Grading the degree of meningioma resection

  The treatment of meningioma is mainly surgical, and the following factors should be taken into consideration: if the tumor is not at the skull base, early surgery and total resection of the tumor should be strived for; if the tumor is at the skull base and located in the saddle node, olfactory groove, pterygoid plate, pontocerebellar angle, etc., early surgery should be performed; for flat meningioma of the pterygoid crest and flat type of slope meningioma, if there is no high cranial pressure, surgery may be suspended.   Grading of surgical resection of meningioma: In order to judge the efficacy and prognosis of surgery, some scholars have proposed the following surgical grading criteria, which are now adopted: Grade I: complete sarco-ocular resection of tumor, including resection of dura mater and skull adhering to the tumor and the involved venous sinus; Grade II: complete sarco-ocular resection of tumor, with only electrocoagulation and cautery of dura mater adhering to the tumor; Grade III: complete sarco-ocular resection of tumor, without resection of dura mater adhering to the tumor or electrocoagulation, with involvement of venous sinus Grade IV: partial resection of tumor; Grade V: craniotomy and decompression only, with or without biopsy of tumor.
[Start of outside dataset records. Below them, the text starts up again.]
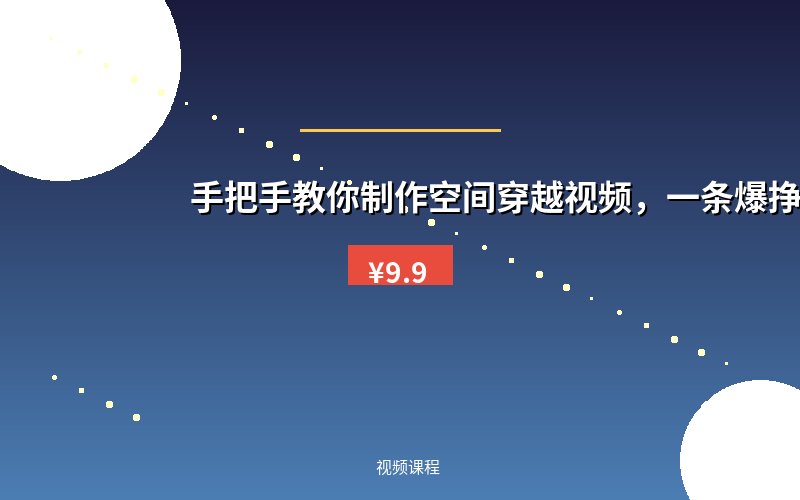 手把手教你制作空间穿越视频，一条爆挣3位数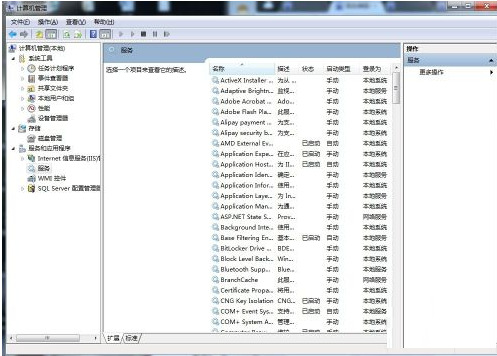 win7启用网络发现总是关闭怎么解决 win7无法启用网络发现怎么修复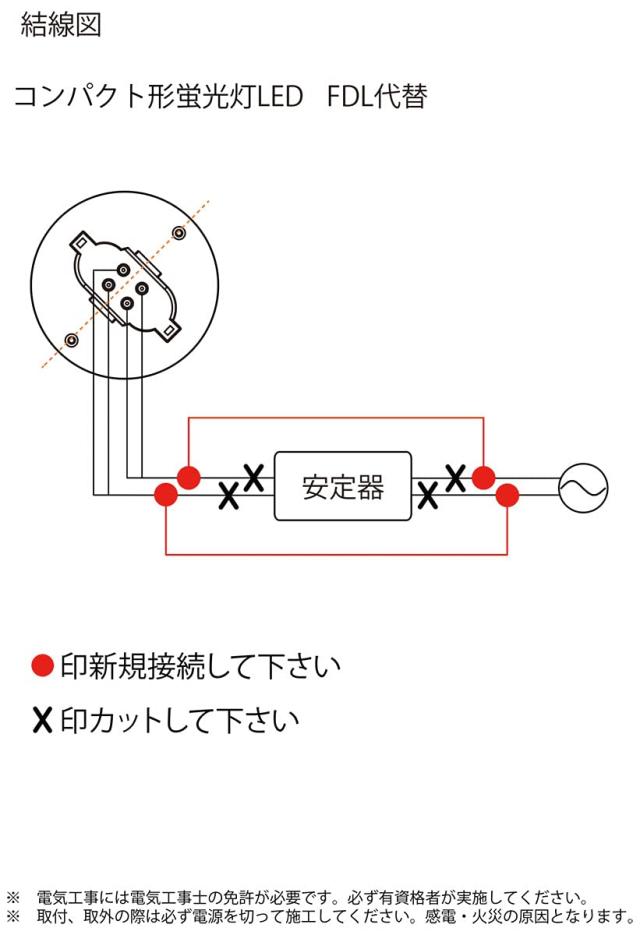 COWELL コンパクト蛍光灯型LEDランプ FDL18W代替 5000K 昼白色相当 商品コード:5831 1150lm GX10q口金 AC100｜詳細画像
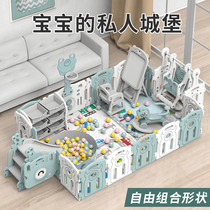  Fence fence Baby children on the ground crawling mat fence safety home toddler game park field Baby indoor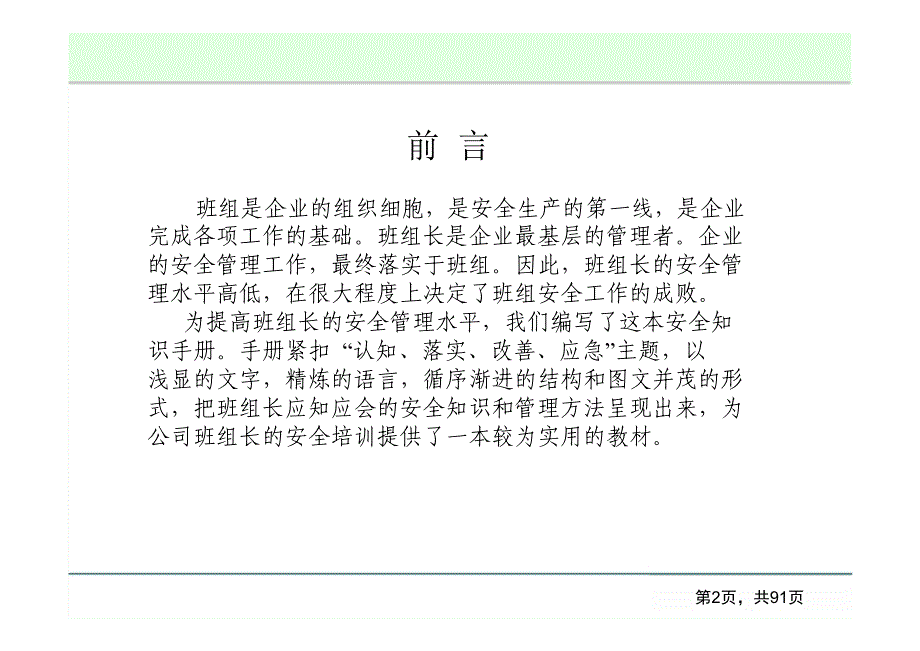 班组长安全知识手册_第2页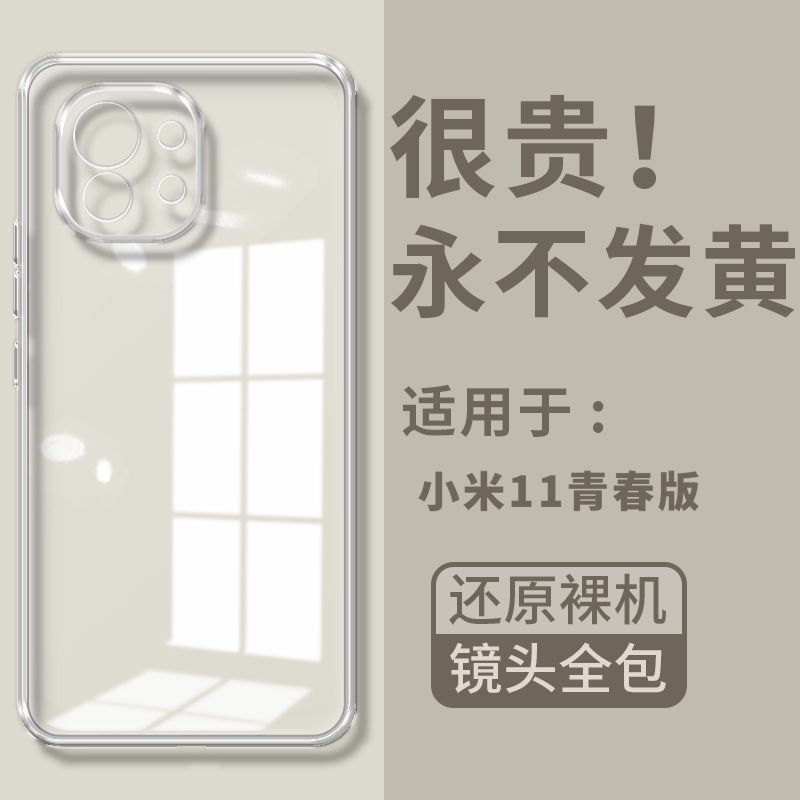 Suitable for Xiaomi 11 Youth Edition Shell Mi11Lite Anti-Fall Silicone All-Inclusive Transparent Protective Cover Soft Shell Ultra-Thin Men and Women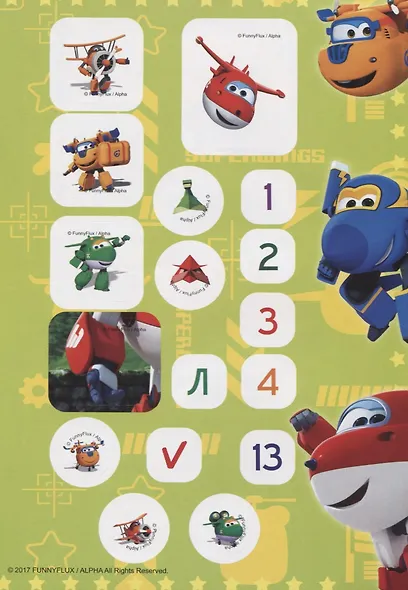 Супер крылья. Весёлые задания с наклейками. Новые друзья - фото 5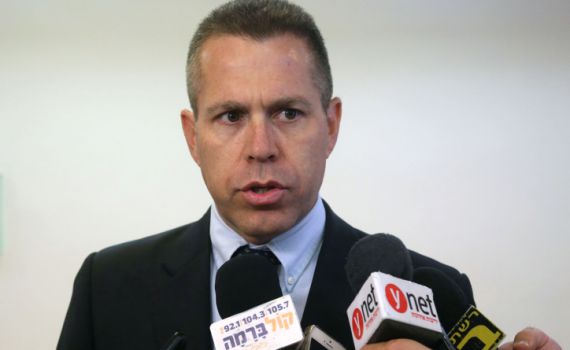 ארדן: העיסוק בהצתת בית הספר חסר פרופורציה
Some articles now define the degree of resection of the dura mater with rat tail sign as grade 0.  Postoperative recurrence of meningioma: Most meningiomas are able to be surgically resected in their entirety to obtain a radical cure, and even those that cannot be resected in their entirety can obtain a longer period of remission. However.
Some meningiomas are prone to recurrence, and even in those with grade I or II surgical resection, the recurrence rate can be as high as 9% to 32%.